IFPI’s recently released industry report contextualizes the music industry, driven by streaming revenue.
The global music industry continued its rise in 2022. Last year was the eighth consecutive year that recorded music revenue has increased, according to the International Federation of the Phonographic Industry’s (IFPI) Global Music Report 2023. The report says the global recorded music market grew by 9% to $26.2 billion.
The report also revealed that the U.S. continues to leads the way in terms of revenue. China, meanwhile, made its first-ever move into the top five leading markets. The growth continued to support the rising viability of streaming, physical revenues, performance rights, and synchronization. Most of all, subscription-based streaming largely catalyzed the expansion, with 10.3% growth from 2021-22.

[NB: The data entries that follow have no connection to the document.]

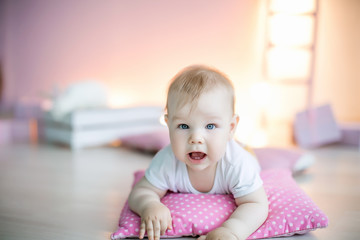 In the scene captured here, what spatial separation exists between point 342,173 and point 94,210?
1.18 metres

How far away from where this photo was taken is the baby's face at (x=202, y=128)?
1013 mm

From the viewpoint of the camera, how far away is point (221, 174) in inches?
44.8

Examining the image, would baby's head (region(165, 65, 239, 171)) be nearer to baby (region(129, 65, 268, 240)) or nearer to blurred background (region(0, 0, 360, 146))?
baby (region(129, 65, 268, 240))

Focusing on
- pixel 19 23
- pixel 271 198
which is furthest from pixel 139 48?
pixel 271 198

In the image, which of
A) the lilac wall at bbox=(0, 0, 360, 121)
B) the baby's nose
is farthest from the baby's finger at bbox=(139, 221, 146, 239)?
the lilac wall at bbox=(0, 0, 360, 121)

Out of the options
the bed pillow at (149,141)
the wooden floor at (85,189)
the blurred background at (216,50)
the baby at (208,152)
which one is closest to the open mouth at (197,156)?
the baby at (208,152)

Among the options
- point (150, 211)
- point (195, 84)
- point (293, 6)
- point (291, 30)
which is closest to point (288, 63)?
point (291, 30)

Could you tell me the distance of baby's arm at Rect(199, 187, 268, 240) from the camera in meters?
0.95

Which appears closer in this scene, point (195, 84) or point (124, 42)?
point (195, 84)

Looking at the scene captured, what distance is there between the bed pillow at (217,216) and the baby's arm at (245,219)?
0.03 meters

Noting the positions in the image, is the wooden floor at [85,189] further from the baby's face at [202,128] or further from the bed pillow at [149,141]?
the baby's face at [202,128]

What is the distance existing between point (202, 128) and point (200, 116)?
0.03m

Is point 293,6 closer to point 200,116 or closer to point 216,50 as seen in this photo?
point 216,50

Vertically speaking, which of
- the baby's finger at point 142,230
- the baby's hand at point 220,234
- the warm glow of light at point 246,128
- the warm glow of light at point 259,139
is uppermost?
the baby's hand at point 220,234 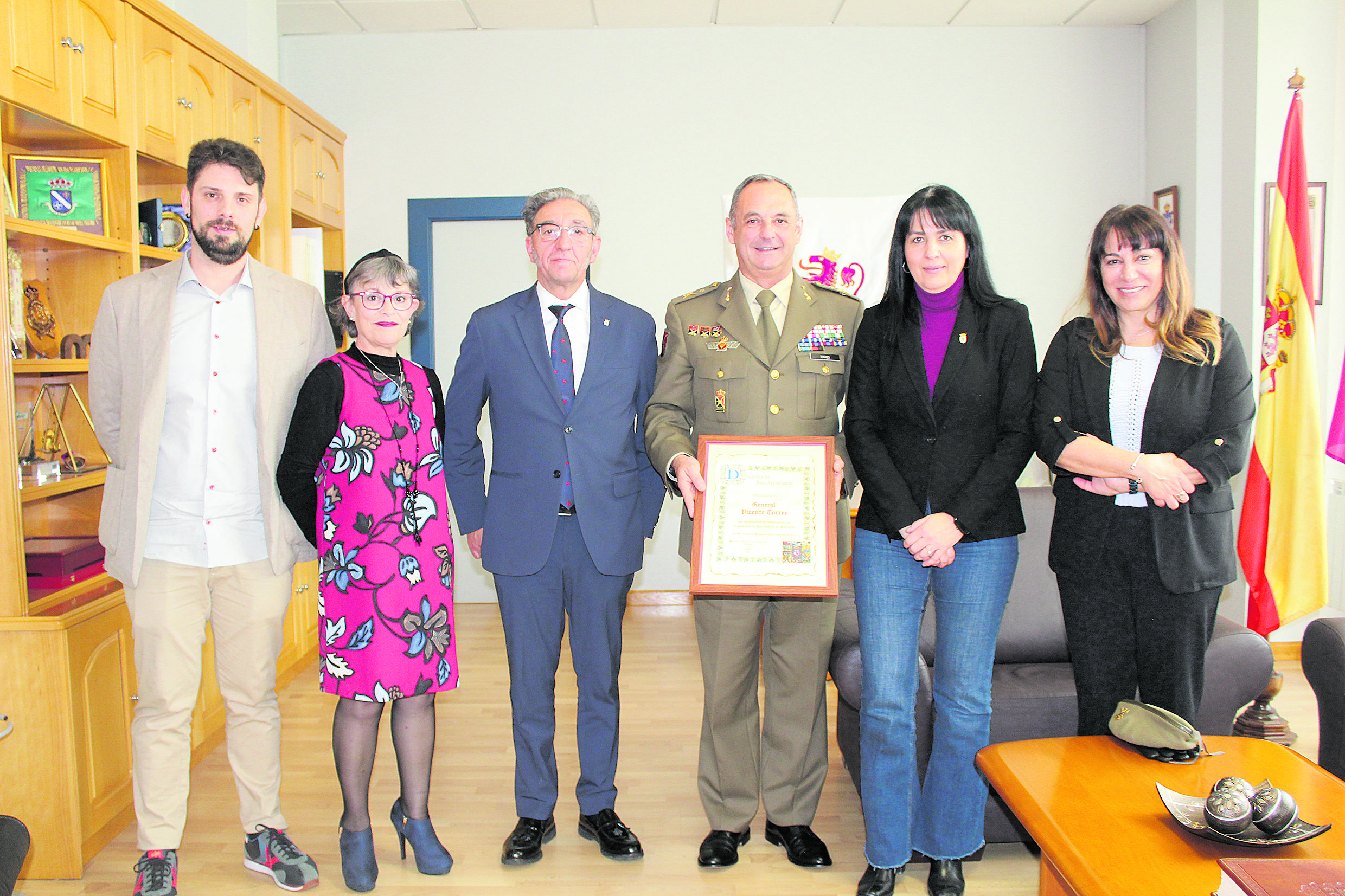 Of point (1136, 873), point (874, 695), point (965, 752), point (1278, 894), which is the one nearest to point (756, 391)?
point (874, 695)

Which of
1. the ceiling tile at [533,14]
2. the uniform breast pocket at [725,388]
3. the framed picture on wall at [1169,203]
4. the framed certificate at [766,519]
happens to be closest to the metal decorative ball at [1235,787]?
the framed certificate at [766,519]

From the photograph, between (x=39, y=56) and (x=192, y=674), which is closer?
(x=192, y=674)

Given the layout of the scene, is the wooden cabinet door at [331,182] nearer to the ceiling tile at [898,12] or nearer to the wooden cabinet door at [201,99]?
the wooden cabinet door at [201,99]

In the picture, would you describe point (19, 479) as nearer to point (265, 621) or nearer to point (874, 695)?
point (265, 621)

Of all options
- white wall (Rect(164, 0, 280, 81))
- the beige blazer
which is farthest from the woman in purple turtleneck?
white wall (Rect(164, 0, 280, 81))

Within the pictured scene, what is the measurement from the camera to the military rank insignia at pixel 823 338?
81.5 inches

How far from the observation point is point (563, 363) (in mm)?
2184

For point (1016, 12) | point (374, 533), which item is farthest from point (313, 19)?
point (1016, 12)

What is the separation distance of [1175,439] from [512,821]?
2.04 meters

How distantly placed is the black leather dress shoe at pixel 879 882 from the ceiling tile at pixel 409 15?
4145 millimetres

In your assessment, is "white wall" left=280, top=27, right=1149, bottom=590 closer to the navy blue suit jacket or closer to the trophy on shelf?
the trophy on shelf

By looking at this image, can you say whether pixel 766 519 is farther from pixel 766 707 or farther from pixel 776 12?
pixel 776 12

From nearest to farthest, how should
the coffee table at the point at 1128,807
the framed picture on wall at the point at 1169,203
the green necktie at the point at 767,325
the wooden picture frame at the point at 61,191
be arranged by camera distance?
the coffee table at the point at 1128,807 → the green necktie at the point at 767,325 → the wooden picture frame at the point at 61,191 → the framed picture on wall at the point at 1169,203

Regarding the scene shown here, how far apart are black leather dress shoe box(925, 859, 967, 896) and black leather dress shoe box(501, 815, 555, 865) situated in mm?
1009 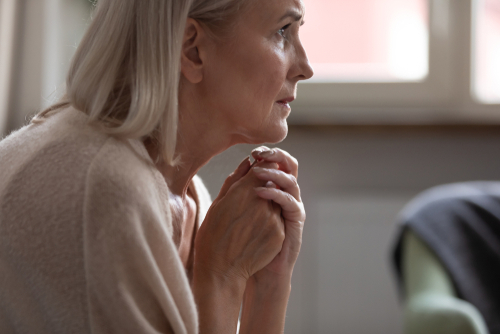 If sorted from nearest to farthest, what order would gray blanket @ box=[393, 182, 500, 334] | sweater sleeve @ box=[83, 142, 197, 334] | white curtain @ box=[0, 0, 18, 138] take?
sweater sleeve @ box=[83, 142, 197, 334] → gray blanket @ box=[393, 182, 500, 334] → white curtain @ box=[0, 0, 18, 138]

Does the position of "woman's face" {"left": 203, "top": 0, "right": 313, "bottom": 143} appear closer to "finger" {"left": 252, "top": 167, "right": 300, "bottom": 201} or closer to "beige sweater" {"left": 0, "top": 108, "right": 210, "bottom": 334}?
"finger" {"left": 252, "top": 167, "right": 300, "bottom": 201}

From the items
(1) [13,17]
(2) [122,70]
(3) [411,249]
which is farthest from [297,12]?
(1) [13,17]

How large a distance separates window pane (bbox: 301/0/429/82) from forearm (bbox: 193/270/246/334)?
1728 millimetres

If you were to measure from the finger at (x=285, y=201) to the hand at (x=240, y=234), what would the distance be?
0.01 m

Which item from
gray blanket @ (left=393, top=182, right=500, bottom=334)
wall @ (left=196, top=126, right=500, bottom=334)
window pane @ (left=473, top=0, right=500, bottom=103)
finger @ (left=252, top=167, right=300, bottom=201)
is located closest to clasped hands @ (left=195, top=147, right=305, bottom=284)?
finger @ (left=252, top=167, right=300, bottom=201)

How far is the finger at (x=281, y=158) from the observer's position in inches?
43.2

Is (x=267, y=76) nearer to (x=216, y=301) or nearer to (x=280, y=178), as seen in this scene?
(x=280, y=178)

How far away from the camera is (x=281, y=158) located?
111 cm

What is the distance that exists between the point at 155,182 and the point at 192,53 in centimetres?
29

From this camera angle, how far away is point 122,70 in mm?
858

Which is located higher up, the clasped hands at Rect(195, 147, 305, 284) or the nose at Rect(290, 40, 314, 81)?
the nose at Rect(290, 40, 314, 81)

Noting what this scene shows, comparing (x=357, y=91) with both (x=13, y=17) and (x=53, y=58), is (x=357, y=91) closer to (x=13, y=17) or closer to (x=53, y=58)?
(x=53, y=58)

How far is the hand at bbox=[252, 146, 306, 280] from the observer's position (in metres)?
1.05

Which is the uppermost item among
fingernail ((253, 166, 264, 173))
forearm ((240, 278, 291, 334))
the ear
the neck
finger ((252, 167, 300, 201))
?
the ear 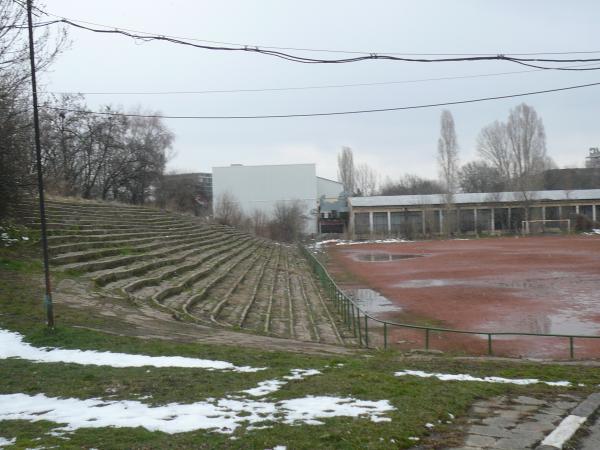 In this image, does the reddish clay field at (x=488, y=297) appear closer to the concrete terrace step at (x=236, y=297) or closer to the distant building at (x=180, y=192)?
the concrete terrace step at (x=236, y=297)

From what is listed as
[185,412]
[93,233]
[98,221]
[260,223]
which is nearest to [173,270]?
[93,233]

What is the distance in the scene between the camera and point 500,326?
59.9 feet

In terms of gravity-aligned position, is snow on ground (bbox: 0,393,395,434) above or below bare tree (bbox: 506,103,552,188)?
below

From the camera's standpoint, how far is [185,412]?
5.44 meters

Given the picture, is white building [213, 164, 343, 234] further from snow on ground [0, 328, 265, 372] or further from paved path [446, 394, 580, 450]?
paved path [446, 394, 580, 450]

“To succeed, music’s future must be artist-centric. As we enter our industry’s next exciting chapter, we must remain focused on our shared goal: a robust, growing and sustainable music ecosystem,” Sir Lucian Grainge, the CEO of Universal Music Group, said in the report.

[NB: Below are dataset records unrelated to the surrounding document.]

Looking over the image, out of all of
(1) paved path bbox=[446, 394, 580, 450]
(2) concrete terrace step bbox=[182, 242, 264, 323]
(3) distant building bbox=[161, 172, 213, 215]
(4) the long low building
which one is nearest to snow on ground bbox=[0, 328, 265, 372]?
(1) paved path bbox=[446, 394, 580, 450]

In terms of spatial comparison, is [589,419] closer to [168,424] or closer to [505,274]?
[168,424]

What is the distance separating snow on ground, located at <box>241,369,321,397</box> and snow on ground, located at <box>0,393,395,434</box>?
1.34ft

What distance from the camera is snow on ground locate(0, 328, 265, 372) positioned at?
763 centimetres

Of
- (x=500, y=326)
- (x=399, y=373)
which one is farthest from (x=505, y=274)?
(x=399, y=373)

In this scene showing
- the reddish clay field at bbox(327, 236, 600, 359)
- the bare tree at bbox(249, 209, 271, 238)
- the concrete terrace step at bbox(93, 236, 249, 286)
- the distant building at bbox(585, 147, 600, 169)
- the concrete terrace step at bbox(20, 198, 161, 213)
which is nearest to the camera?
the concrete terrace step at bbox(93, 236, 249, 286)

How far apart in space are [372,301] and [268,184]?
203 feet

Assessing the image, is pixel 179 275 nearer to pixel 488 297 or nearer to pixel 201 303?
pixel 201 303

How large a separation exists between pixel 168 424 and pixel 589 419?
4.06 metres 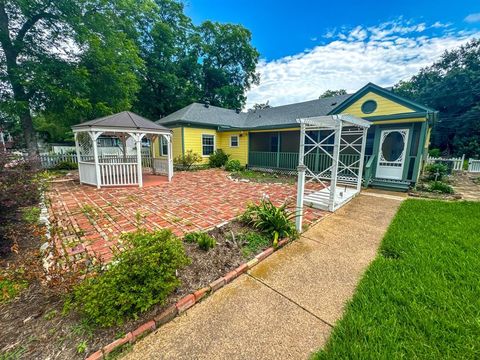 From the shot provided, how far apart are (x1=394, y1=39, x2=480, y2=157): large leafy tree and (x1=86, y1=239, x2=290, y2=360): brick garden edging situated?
28835mm

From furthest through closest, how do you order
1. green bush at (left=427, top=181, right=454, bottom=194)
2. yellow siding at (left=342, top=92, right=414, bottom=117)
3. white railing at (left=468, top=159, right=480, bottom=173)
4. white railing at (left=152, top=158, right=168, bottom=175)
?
white railing at (left=468, top=159, right=480, bottom=173), white railing at (left=152, top=158, right=168, bottom=175), yellow siding at (left=342, top=92, right=414, bottom=117), green bush at (left=427, top=181, right=454, bottom=194)

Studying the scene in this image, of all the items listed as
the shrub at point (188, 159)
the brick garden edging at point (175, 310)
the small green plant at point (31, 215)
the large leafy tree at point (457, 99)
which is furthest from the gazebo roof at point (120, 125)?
the large leafy tree at point (457, 99)

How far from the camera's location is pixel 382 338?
1.74m

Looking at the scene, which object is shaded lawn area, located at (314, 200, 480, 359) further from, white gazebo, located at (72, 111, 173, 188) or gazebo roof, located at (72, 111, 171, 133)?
gazebo roof, located at (72, 111, 171, 133)

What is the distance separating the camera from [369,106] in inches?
337

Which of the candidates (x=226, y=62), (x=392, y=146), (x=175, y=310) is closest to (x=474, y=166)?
(x=392, y=146)

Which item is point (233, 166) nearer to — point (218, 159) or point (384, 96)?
point (218, 159)

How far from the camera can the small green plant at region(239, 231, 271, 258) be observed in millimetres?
3195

Streaming continues to fortify its presence as its accessibility and consumer-centered software enhancements expand. Overall streaming — included subscription and advertising-supported — was the highest segment of the market, with a 67.0% share in 2022 vs. 65.5% the previous year. Almost all formats experienced revenue gains, but yet again, streaming was king. That 67% share came out to a total of $17.5 billion.

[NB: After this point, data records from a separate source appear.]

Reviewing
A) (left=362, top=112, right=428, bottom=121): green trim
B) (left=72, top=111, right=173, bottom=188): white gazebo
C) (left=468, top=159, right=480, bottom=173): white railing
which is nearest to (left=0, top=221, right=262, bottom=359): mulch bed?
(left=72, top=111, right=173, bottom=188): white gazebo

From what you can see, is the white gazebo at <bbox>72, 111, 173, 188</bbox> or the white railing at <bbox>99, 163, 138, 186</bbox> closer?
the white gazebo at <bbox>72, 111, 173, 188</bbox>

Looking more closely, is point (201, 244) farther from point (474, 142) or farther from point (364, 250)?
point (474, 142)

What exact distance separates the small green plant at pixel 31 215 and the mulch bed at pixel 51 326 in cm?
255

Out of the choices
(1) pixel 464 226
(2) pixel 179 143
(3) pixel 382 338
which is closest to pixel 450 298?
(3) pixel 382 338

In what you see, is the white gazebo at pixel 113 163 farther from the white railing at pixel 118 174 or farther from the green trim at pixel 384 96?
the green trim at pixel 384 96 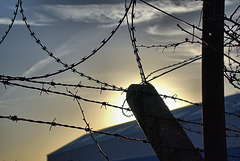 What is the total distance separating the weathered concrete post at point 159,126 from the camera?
2.07 metres

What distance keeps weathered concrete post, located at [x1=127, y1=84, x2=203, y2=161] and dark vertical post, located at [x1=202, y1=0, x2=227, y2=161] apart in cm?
31

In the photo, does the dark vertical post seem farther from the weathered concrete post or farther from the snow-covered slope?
the snow-covered slope

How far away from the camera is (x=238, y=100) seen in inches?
600

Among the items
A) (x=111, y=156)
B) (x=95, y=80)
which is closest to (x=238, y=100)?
(x=111, y=156)

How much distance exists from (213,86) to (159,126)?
587 mm

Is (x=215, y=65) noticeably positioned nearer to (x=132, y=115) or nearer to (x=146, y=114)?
(x=146, y=114)

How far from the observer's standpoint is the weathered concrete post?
6.79 ft

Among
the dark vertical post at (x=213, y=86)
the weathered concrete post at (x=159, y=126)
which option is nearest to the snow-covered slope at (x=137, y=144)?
the weathered concrete post at (x=159, y=126)

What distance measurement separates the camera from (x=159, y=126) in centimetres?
218

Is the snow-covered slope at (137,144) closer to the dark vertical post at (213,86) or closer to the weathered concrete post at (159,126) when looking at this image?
the weathered concrete post at (159,126)

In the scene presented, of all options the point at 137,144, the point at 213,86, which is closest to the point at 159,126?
the point at 213,86

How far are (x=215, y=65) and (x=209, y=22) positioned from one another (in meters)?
0.27

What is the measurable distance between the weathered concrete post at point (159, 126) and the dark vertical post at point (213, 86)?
0.31 meters

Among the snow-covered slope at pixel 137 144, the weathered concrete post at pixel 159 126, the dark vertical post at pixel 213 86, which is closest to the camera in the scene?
the dark vertical post at pixel 213 86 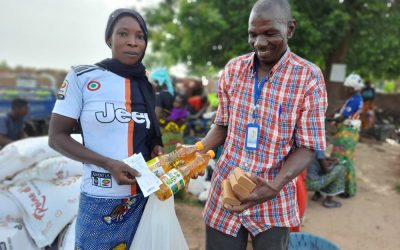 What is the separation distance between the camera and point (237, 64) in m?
1.64

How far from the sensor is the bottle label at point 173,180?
1614mm

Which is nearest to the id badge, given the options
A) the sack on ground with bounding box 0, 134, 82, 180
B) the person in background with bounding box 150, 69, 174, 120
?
the sack on ground with bounding box 0, 134, 82, 180

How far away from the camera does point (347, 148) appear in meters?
4.93

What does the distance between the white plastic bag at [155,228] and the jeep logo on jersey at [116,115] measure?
393 millimetres

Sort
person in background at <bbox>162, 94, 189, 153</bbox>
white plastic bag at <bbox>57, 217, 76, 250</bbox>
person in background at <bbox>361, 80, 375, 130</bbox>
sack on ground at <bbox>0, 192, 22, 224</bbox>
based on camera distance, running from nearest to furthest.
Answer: white plastic bag at <bbox>57, 217, 76, 250</bbox>, sack on ground at <bbox>0, 192, 22, 224</bbox>, person in background at <bbox>162, 94, 189, 153</bbox>, person in background at <bbox>361, 80, 375, 130</bbox>

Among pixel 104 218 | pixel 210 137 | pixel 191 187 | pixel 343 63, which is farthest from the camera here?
pixel 343 63

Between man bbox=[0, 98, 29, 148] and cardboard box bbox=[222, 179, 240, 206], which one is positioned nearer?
cardboard box bbox=[222, 179, 240, 206]

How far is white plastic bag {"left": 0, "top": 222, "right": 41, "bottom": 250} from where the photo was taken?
2.34 meters

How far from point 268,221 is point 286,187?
0.57 feet

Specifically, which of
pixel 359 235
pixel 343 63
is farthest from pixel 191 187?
pixel 343 63

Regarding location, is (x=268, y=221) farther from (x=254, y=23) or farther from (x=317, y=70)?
(x=254, y=23)

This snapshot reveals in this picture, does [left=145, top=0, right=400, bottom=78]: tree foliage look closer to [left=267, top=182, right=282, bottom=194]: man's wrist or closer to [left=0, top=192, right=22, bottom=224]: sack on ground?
[left=0, top=192, right=22, bottom=224]: sack on ground

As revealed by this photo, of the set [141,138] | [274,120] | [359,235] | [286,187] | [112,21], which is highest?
[112,21]

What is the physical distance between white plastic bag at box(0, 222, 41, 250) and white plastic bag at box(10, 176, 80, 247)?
5 cm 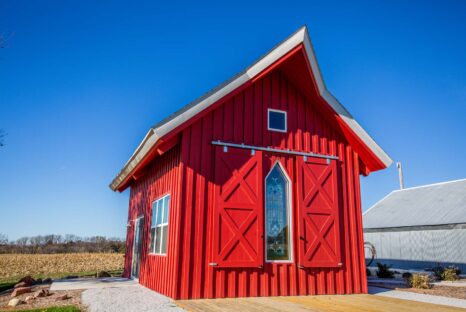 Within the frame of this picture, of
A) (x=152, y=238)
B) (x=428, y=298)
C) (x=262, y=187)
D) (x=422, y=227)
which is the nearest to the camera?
(x=428, y=298)

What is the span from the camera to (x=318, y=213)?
26.5 feet

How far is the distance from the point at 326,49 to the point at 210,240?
570cm

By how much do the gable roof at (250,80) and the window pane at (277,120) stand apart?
3.34ft

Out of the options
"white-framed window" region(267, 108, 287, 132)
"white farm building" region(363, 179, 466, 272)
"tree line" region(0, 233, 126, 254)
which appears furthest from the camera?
"tree line" region(0, 233, 126, 254)

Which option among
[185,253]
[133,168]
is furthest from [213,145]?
[133,168]

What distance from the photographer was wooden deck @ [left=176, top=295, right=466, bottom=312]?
5.65 m

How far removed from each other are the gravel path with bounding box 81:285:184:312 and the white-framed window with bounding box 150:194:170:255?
1036 millimetres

The post-pandemic state of the industry revitalized a nostalgia for physical ownership of music and an aesthetic connection to humble beginnings, increasing the acquisition of vinyls and CDs. For a second year, physical revenue formats increased. While CDs saw a slight decline, vinyls grew 17.1% in 2022.
“This is an environment in which great music is not drowned out by an ocean of noise, where music is easily and clearly accessible for fans to discover and enjoy, and an environment in which the creators of all music content–whether in the form of audio or short-form video—are fairly compensated and can therefore thrive for decades to come,” Grainge said.